Personal information
- Full name: Robert Ian Fanshawe McIntosh
- Born: 19 August 1907 Darjeeling, Bengal, India
- Died: 21 March 1988 (aged 80) Budleigh Salterton, Devon, England
- Batting: Right-handed
- Bowling: Right-arm medium-fast

Domestic team information
- 1933/34: Madras
- 1933/34: Europeans (India)
- 1927: West of England
- 1927: Devon
- 1927–1929: Oxford University

Career statistics
| Competition | First-class |
| Matches | 24 |
| Runs scored | 161 |
| Batting average | 11.50 |
| 100s/50s | –/– |
| Top score | 23 |
| Balls bowled | 4,503 |
| Wickets | 69 |
| Bowling average | 32.92 |
| 5 wickets in innings | 2 |
| 10 wickets in match | – |
| Best bowling | 5/52 |
| Catches/stumpings | 9/– |
- Source: Cricinfo, 20 March 2011

= Robert McIntosh (cricketer) =

English cricketer

Robert Ian Fanshawe McIntosh (19 August 1907 – 21 March 1988) was an English cricketer born in Darjeeling, India. He was a right-handed batsman who bowled right-arm medium-fast.

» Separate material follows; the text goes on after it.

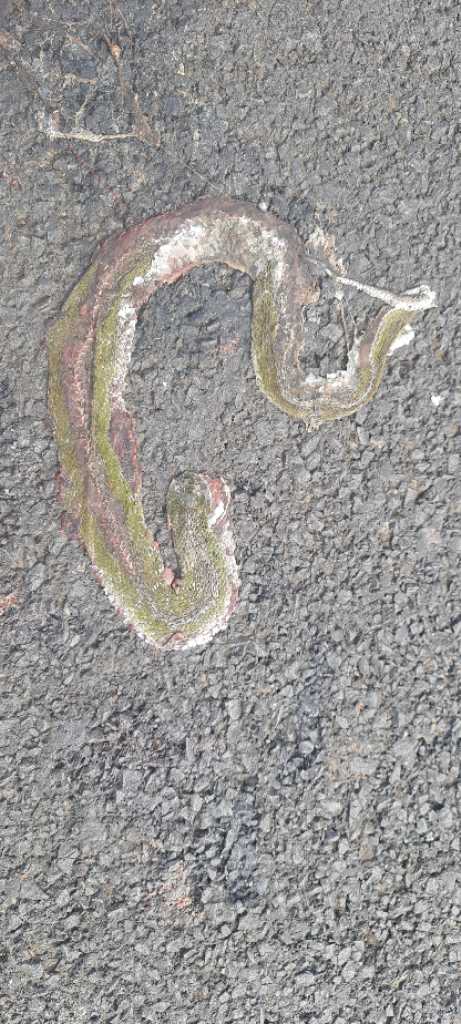 Green Keelback / हरा कीलबैक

McIntosh was educated at Uppingham School in Rutland, where he played for the school cricket team and for three years he was the mainstay of their bowling attack, captaining the side in 1926, a season in which he took 45 wickets at a bowling average of 11.45. He later went to University College, Oxford, where he played for the University Cricket Club, making his first-class debut in 1927 against the Harlequins. 1927 was also the year that McIntosh played his only first-class match for the West of England when they played the touring New Zealanders at the County Ground, Exeter; additionally in 1927 he also made three appearances for Devon in the Minor Counties Championship. From 1927 to 1929, McIntosh made 21 first-class appearances for Oxford University, playing his final match for them against Surrey.

McIntosh received his Oxford Blue in his first year of 1927, thanks largely to an injury to Walter McBride, and in 1928. Poor health and having to bowl on over-prepared wickets which led to a poor bowling season for him in 1929 ruled him out of contention for a Blue in that year. A bowler, he took 62 wickets in total for the University. These came at an average of 34.33 and included two five wicket hauls, with best figures of 5/52.

McIntosh later returned to the British Raj, where he played a single first-class match each for the Europeans (India) against the Indians and for Madras against the Marylebone Cricket Club, both in 1934. He died in Budleigh Salterton, Devon on 21 March 1988.